» What is needed:
Copy, exactly as written, the lines that begin at the one containing "Nữ chiến sĩ" and end at the one containing "Bridge over river against sky". Skip any pictures in the data below.
The data Block Start
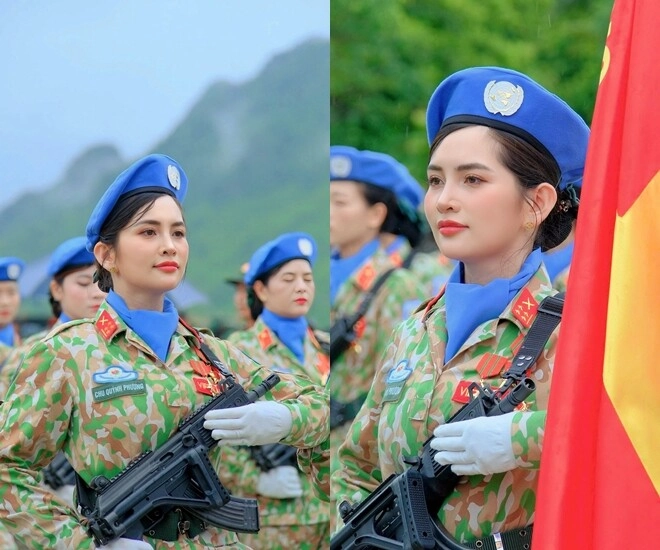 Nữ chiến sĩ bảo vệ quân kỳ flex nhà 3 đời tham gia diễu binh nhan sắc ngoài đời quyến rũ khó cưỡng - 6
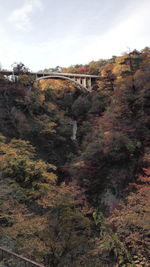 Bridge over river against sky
The data Block End
The data Block Start
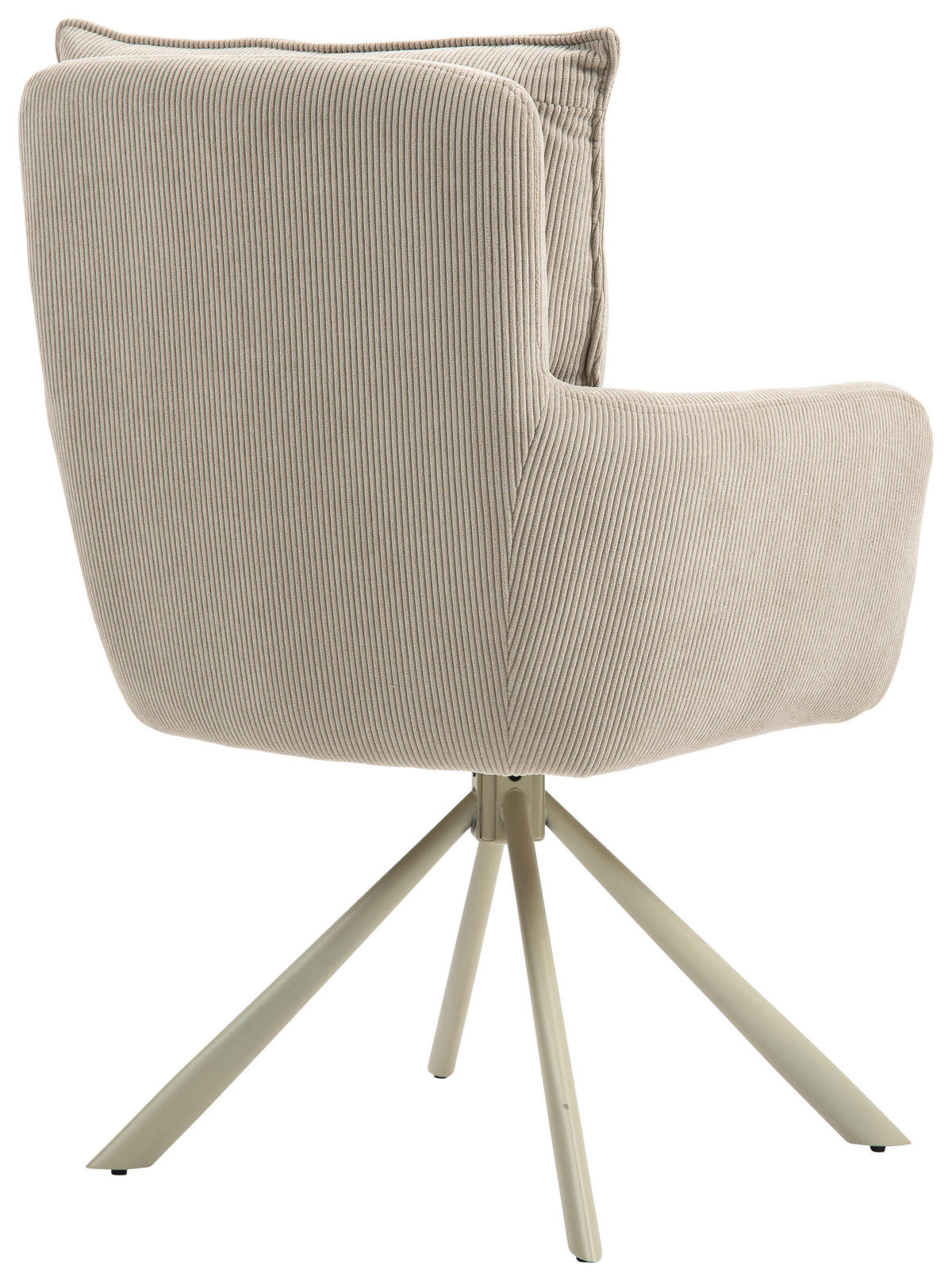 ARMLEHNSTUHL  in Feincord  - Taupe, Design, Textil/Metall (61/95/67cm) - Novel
The data Block End
» The completed task:
 Nữ chiến sĩ bảo vệ quân kỳ flex nhà 3 đời tham gia diễu binh nhan sắc ngoài đời quyến rũ khó cưỡng - 6
 Bridge over river against sky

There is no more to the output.